Mr Bernstein said HRW’s criticism of Israel meant that it was shifting away from its core values. He wrote, “At Human Rights Watch, we always recognized that open, democratic societies have faults and commit abuses. But we saw that they have the ability to correct them — through vigorous public debate, an adversarial press and many other mechanisms that encourage reform. That is why we sought to draw a sharp line between the democratic and non-democratic worlds, in an effort to create clarity in human rights.”
In an noteworthy revelation, he admitted that HRW “wanted to prevent the Soviet Union and its followers from playing a moral equivalence game with the West and to encourage liberalization by drawing attention to dissidents like Andrei Sakharov, Natan Sharansky and those in the Soviet gulag — and the millions in China’s laogai, or labor camps.”
Mr Bernstein added, “When I stepped aside in 1998, Human Rights Watch was active in 70 countries, most of them closed societies. Now the organization, with increasing frequency, casts aside its important distinction between open and closed societies.”
Very noteworthy is the public admission that the publicity given by HRW under the watch of Mr Bernstein, a Jew, to dissidents like Sakharov and Sharansky, both Jews, was no fluke but part of a deliberate and calculated campaign which ultimately ended with the demise of the Soviet Union, probably the intended objective. Today, an identical campaign is being directed at the Arab world, and Islam at large.
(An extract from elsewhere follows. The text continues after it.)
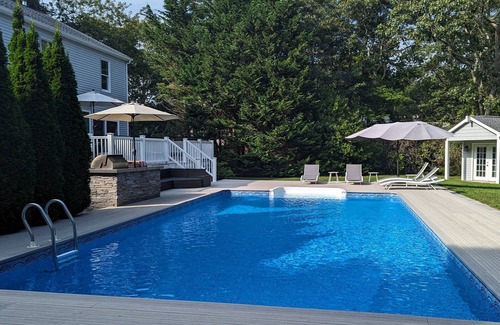Hampton Bays House | Private-Walk to the Beach-Large Yard-Heated Pool-Game Room-77" TV-All You Need!
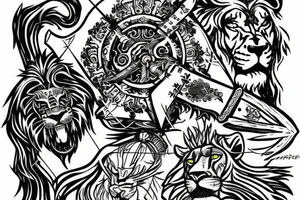 Knight with shield and sword mixed with lion tattoo idea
As Mr Bernstein favours “vigorous public debate, an adversarial press and many other mechanisms that encourage reform,” he ought to laud the criticism of Israel as being a fine example of exactly that. The true test of free, open, democratic societies is the extent to which they are willing to apply those core values first and foremost to themselves, including the international arena. Hypocrisy and double standards are not a sustainable option in this day and age.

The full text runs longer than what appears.